Task
Return each record word for word and omit the pictures.

(Short descriptive text snippets)
▬▬▬

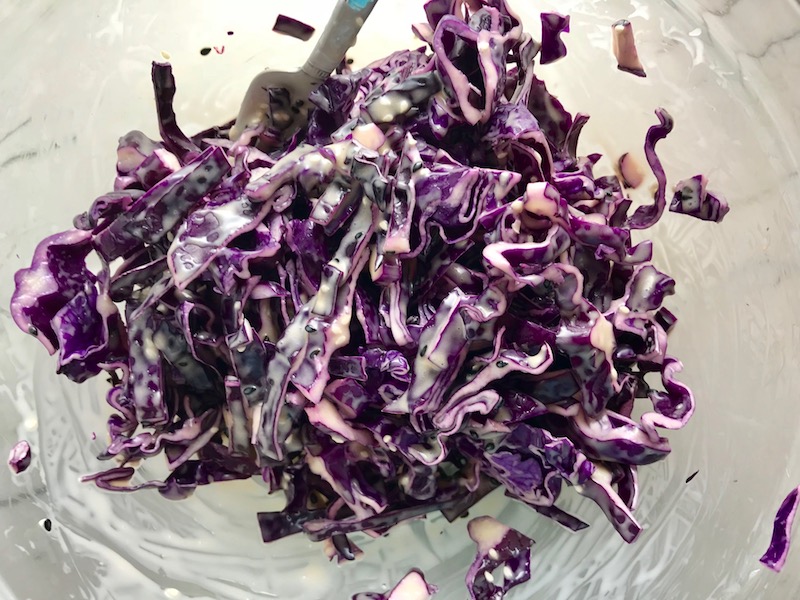 Sesame Asian Slaw in bowl for Asian Lettuce Wraps. They are a fantastic way to use leftover Turkey or Chicken transforming it with new delicious flavors and textures. The turkey is stir fried with carrots, red pepper, and brussel sprouts in a flavorful ginger, garlic, & sesame sauce. It's layered in lettuce wraps with rice and a cool, crunchy purple cabbage sesame slaw. Serve with a Garlic Honey Soy Sauce....YUM!!!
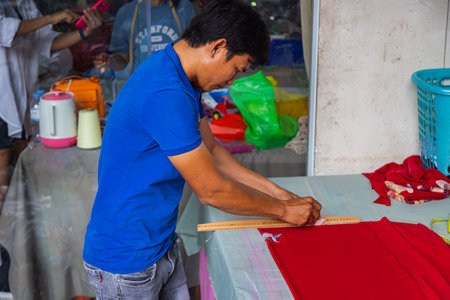 Ho Chi Minh City, Vietnam - November 8, 2022: Inside a small tailor shop in Saigon. A man mark the fabric to make a traditional ao dai dress, the traditional Vietnamese national dress. Local tailor storeのeditorial素材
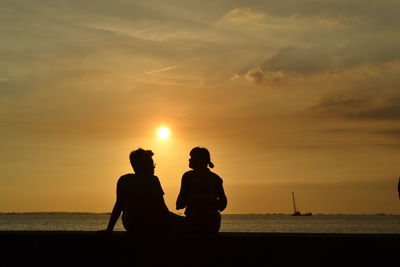 Silhouette men sitting on shore against sunset sky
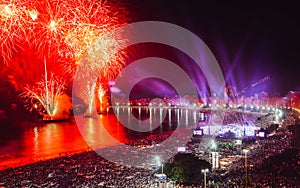 Revellers, both locals and tourist, enjoy the breath-taking New Years fireworks display along Copacabana Beach, Rio de photo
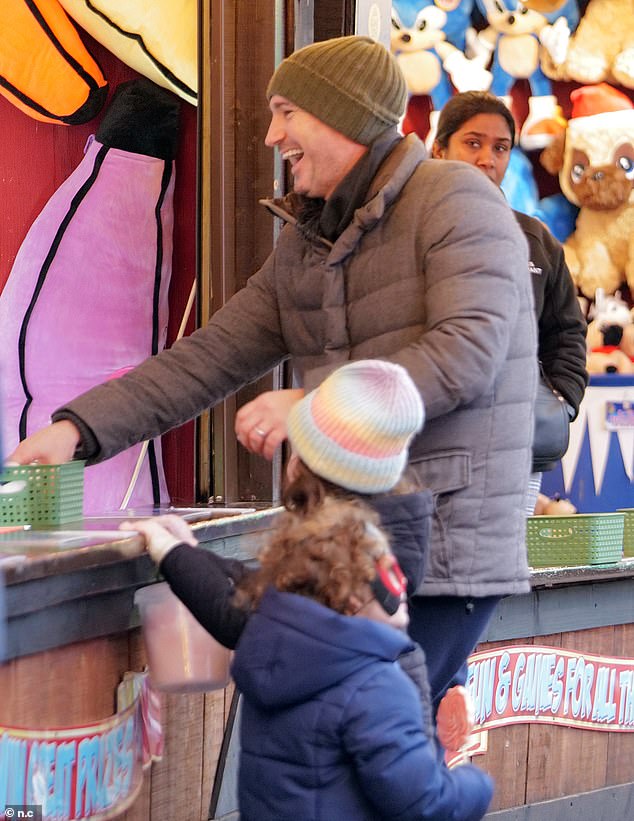 Frank flashed a big smile as he enjoyed quality time with his kids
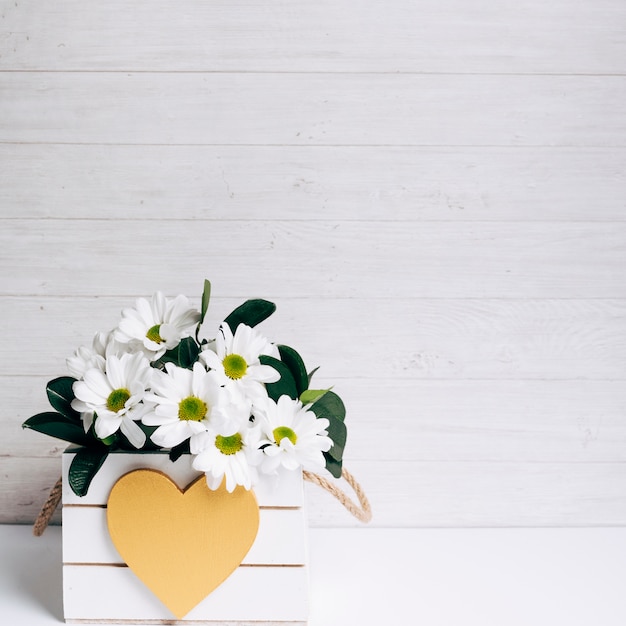 Bello vaso di fiore bianco decorativo con forma del cuore contro il contesto di legno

▬▬▬

Problem solution
 Sesame Asian Slaw in bowl for Asian Lettuce Wraps. They are a fantastic way to use leftover Turkey or Chicken transforming it with new delicious flavors and textures. The turkey is stir fried with carrots, red pepper, and brussel sprouts in a flavorful ginger, garlic, & sesame sauce. It's layered in lettuce wraps with rice and a cool, crunchy purple cabbage sesame slaw. Serve with a Garlic Honey Soy Sauce....YUM!!!
 Ho Chi Minh City, Vietnam - November 8, 2022: Inside a small tailor shop in Saigon. A man mark the fabric to make a traditional ao dai dress, the traditional Vietnamese national dress. Local tailor storeのeditorial素材
 Silhouette men sitting on shore against sunset sky
 Revellers, both locals and tourist, enjoy the breath-taking New Years fireworks display along Copacabana Beach, Rio de photo
 Frank flashed a big smile as he enjoyed quality time with his kids
 Bello vaso di fiore bianco decorativo con forma del cuore contro il contesto di legno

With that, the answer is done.